All deck segments were carried from the construction yard to the viaduct by a transporter that would travel to, and along, the completed section of deck to deliver the segments. Construction started at the Avon side, with the placing of the two special segments that would sit, side by side, on the first pier. Pier segments were more robust and complicated than others and they exceeded the weight limit of 200 t imposed by the use of the gantry. SRC’s solution to this was to construct these segments in two parts, the first in the usual manner, the second by adding a further 180 t of in-situ concrete to each, after the segments had been placed on the piers.

The gantry was initially positioned to one side of the viaduct location, with its front primary support on the Avon abutment, the rear support behind the abutment and the front leg on a temporary bracket which cantilevered forward from the front face of the pier. It was then able to place the first special deck segment in the correct position on the pier but on temporary supports. The gantry was then winched backwards a short distance, before being moved laterally to deal in similar fashion with the special segment for the other side of the pier.
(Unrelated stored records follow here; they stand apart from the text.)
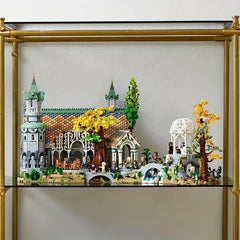 6167pcs Movie King Themed Building Blocks Set Compatible 10316 Creative Model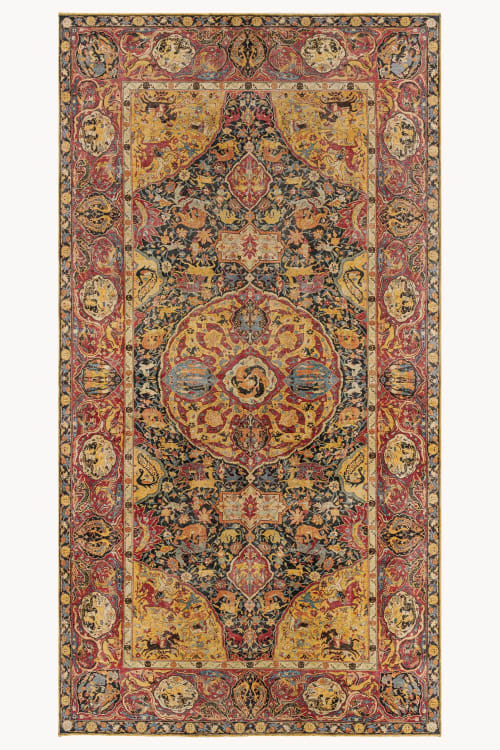 New-made Vintage Area Rug Sahel | Rugs by District Loom
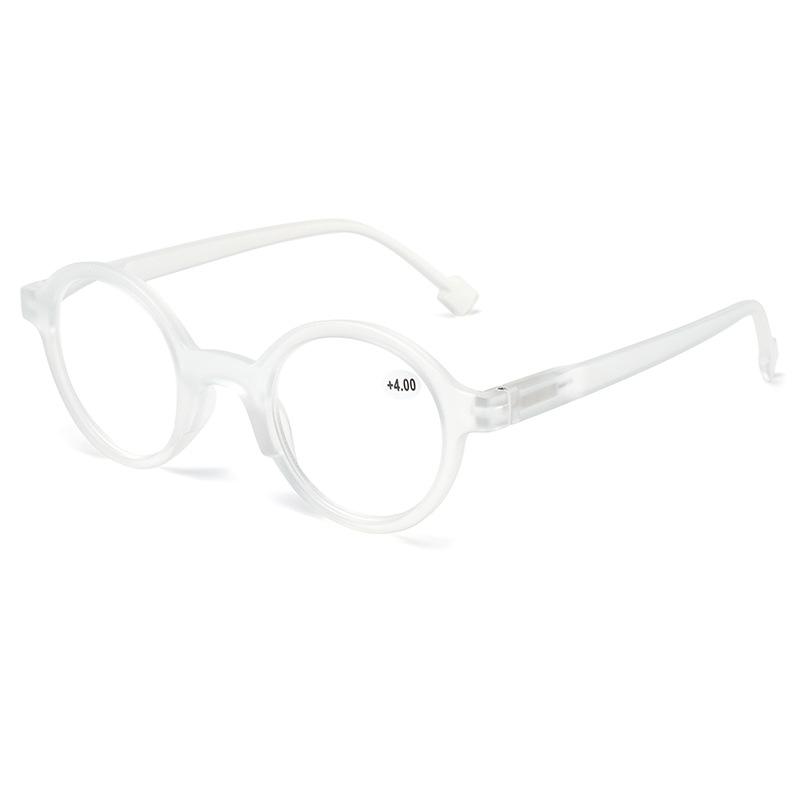 Retro Small Round Frame Reading Glasses, Glasses With Exquisite Personality Reading Glasses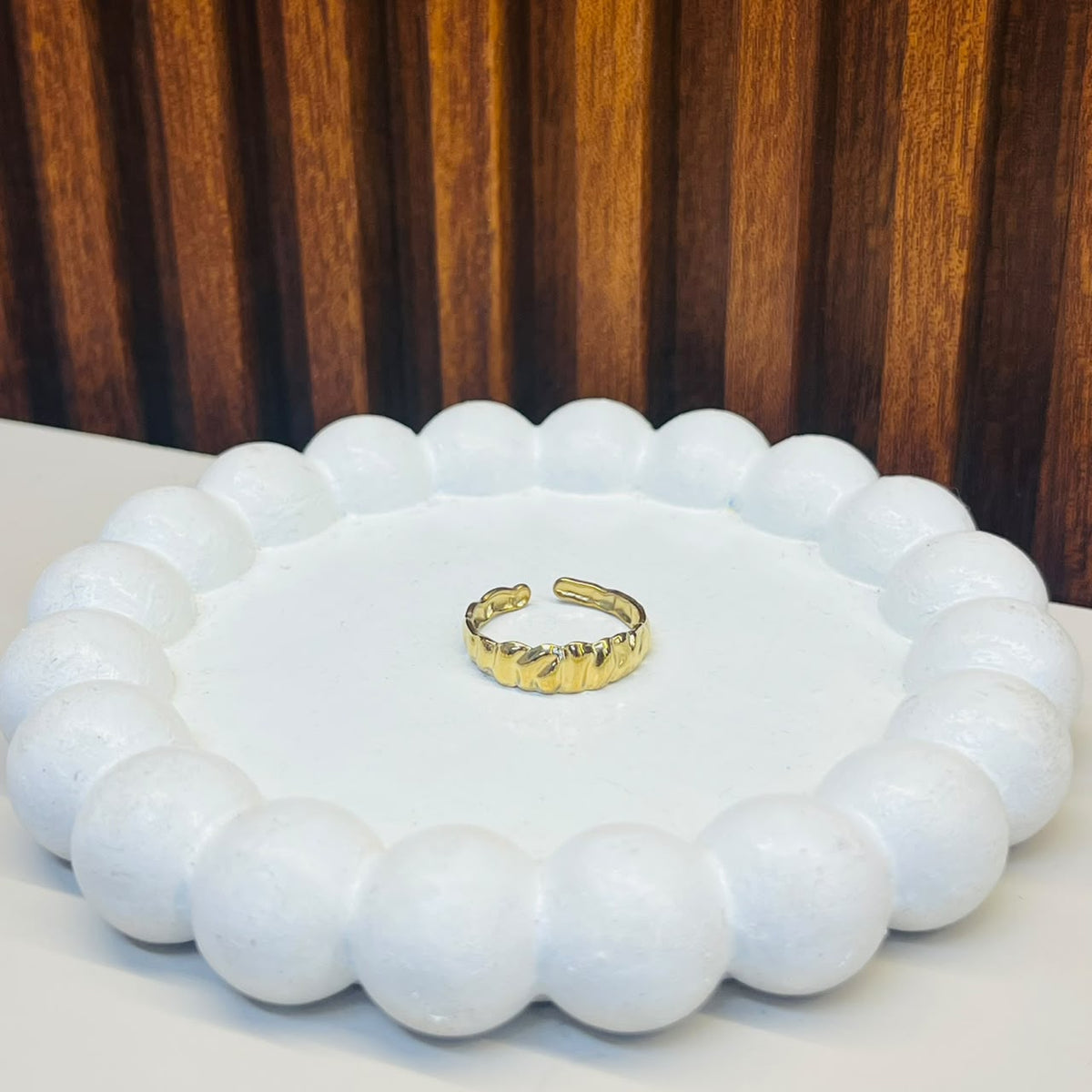 Golden Victory Ring
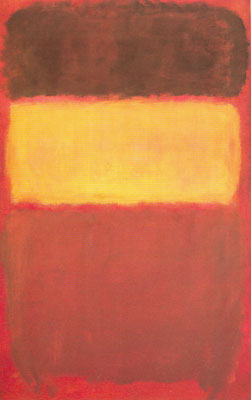 Mark Rothko Sans titre (numéro 7) reproduction-de-tableau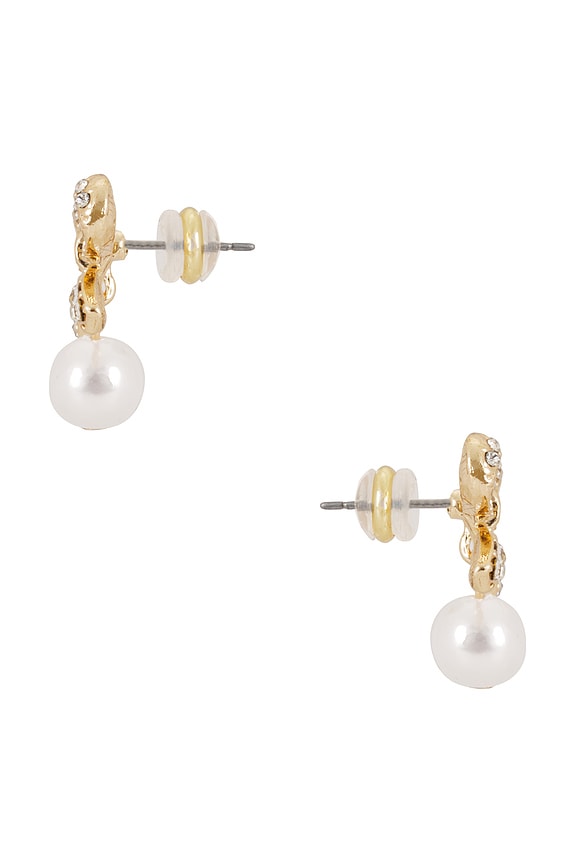 view 2 of 2 MARTHA 귀걸이 in Gold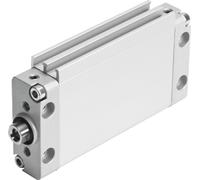 Festo Flat Cylinder 25mm Bore 125mm Stroke Double Acting - 164033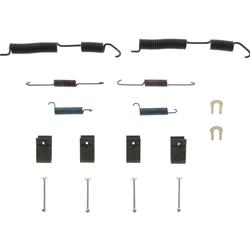 Centric Brake Hardware Kits for 1987-1993 B2600, B2200, 1986-1987 B2000 - 118.45004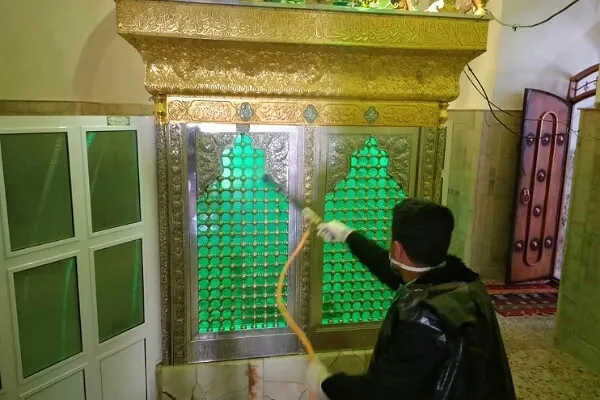 ممنوعیت پذیرش مسافران در زائرسراهای بقاع متبرکه شهرکرد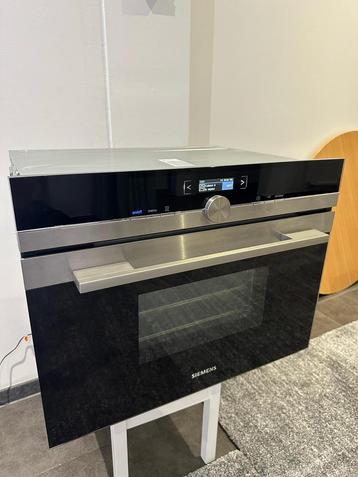 Four à vapeur SIEMENS, Elektronische apparatuur, Ovens, Ophalen, Zo goed als nieuw, Stoom, Oven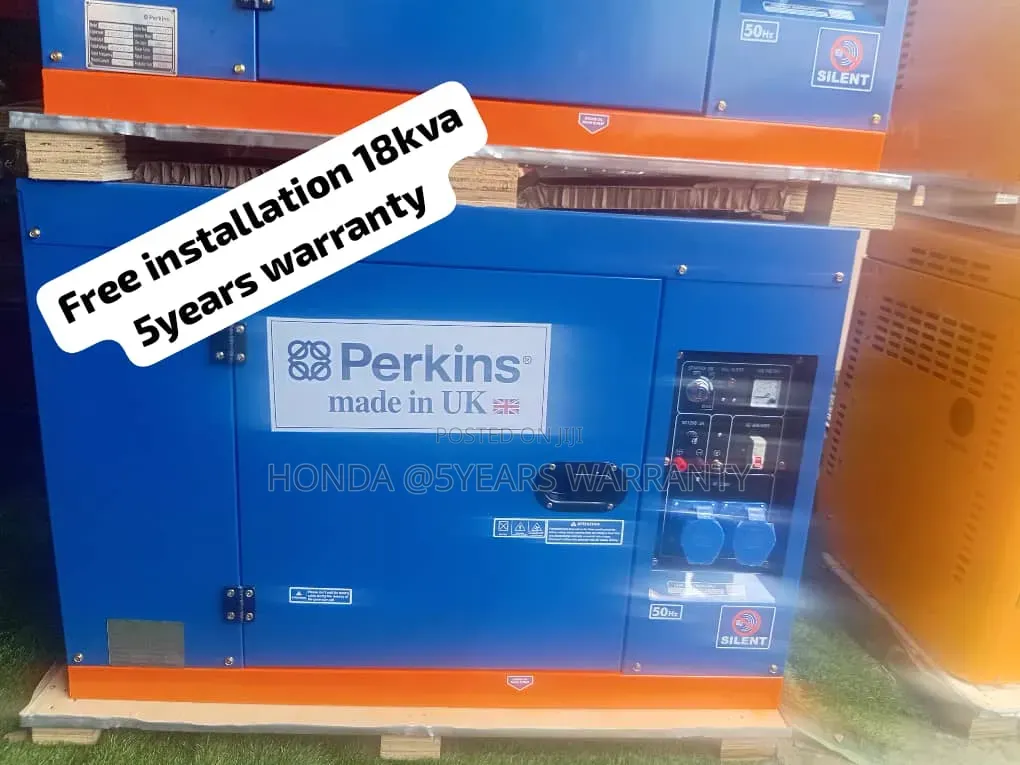 Massive Performance, Low Fuel Consumption 18kva Diesel Generator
With the second pier segment in place, the 180 t of additional concrete, which had been omitted from the casting of the segments because of the weight restriction mentioned above, was added.

The primary supports of the gantry were then moved forward until the forward support was above the pier that had just received both its deck segments, and the rear support was on the abutment. The gantry was then fixed, temporally, before other deck segments were added to those on the first pier, as described above, using the principle of balanced cantilevers. Working out from the pier, new segments were placed, the first to the front of the pier and then one behind it, to keep the growing sections of deck in balance, longitudinally. As soon as a segment was lowered into position, it would be stressed tightly against its predecessor, using temporary tendons. After delivering a single pair of ‘balanced’ units, the gantry would be moved across to the other side of the viaduct, to repeat the process, so that the balanced cantilevers on both sides of the viaduct could be brought forward at the same pace, to minimise the lateral loading on the pier.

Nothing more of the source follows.